Search efforts resumed Thursday at the collapse site in Surfside, Fla., after a pause due to concerns about the stability of the remaining structure.
(Mark Humphrey / Associated Press)

Authorities in Florida on Friday revised the count of people missing in the Surfside condominium collapse to 128 from 145, after eliminating duplicate names and noting that some who had been reported missing had turned up safe.

They also announced the recovery of four more bodies, including the 7-year-old daughter of a Miami firefighter. That raised the confirmed death toll to 22.

Miami-Dade County Mayor Daniella Levine Cava said that in some cases, detectives were able to contact people who had been reported as missing and found that members of their families were safe, too. That pushed the number of people who have been accounted for up to 188 and reduced the number of missing, she said. In other cases, English and Hebrew names had been offered for the same missing person, officials said.

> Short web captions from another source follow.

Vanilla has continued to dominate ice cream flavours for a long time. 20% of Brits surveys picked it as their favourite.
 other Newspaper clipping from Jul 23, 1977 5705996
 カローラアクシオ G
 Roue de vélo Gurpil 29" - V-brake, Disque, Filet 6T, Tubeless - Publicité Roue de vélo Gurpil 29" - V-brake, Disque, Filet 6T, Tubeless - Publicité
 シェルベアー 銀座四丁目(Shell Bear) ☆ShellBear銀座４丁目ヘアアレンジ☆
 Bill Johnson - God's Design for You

“So this is very, very good news,” she said, adding that the numbers are expected to keep changing because detectives are continually reviewing the list and verifying reports.

The discovery of the remains of the 7-year-old girl — whom Miami Mayor Francis Suarez described as “a member of our fire family” — was especially hard on rescuers, Levine Cava said.


“It was truly different and more difficult for our first responders. These men and women are paying an enormous human toll each and every day, and I ask that all of you please keep them in your thoughts and prayers,” she said at a news conference.

A memorial in Surfside, Fla., has become a place to pay tribute to those who lived in the condominium that, without warning, fell in the middle of the night.

The mayor said she signed an emergency order to demolish the remaining part of the building once engineers have determined that it is safe to do so, and that demolition will proceed quickly. Officials previously said it would be weeks before the demolition could be scheduled.

No one has been found alive since the first hours after the June 24 collapse of the Champlain Towers South condominium.

During a meeting Friday with relatives of the missing, Miami-Dade Assistant Fire Chief Raide Jadallah said only one missing person has been heard during the search. A woman’s voice was detected until 10 or 11 a.m. on the morning of the collapse, which occurred around 1:30 a.m. Rescuers were unable to reach her, and no human sounds have been heard from within the rubble since.

Jadallah prepared the families of the missing for a possible suspension of the search if Hurricane Elsa — now in the eastern Caribbean — brings strong winds to South Florida that would make the work too dangerous to continue.

Some rescue workers who are staying in tents will be moved to cruise ships, where they can safely ride out a storm, Jadallah said. About 600 first responders will stay on the Royal Caribbean ship Explorer of the Seas, the cruise line said. The ship, which can accommodate more than 3,000 passengers, began housing rescue teams Thursday and likely will continue to do so for the next month.

Friday’s announcements came the day after concerns about the structure’s instability prompted a 15-hour halt to the search for survivors. Crews noticed widening cracks and up to a foot of movement in a large column.

The president and first lady flew to Florida to meet with first responders and families of those killed or still missing in the condo collapse last week.

The cause of the collapse is under investigation. A 2018 engineering report found that the building’s ground-floor pool deck was resting on a concrete slab that had “major structural damage” and needed extensive repairs. The report also found “abundant cracking” of concrete columns, beams and walls in the parking garage.

Just two months before the building came down, the president of its board wrote a letter to residents saying that structural problems identified in the 2018 inspection had “gotten significantly worse” and that major repairs would cost at least $15.5 million. With bids for the work pending, the building suddenly collapsed.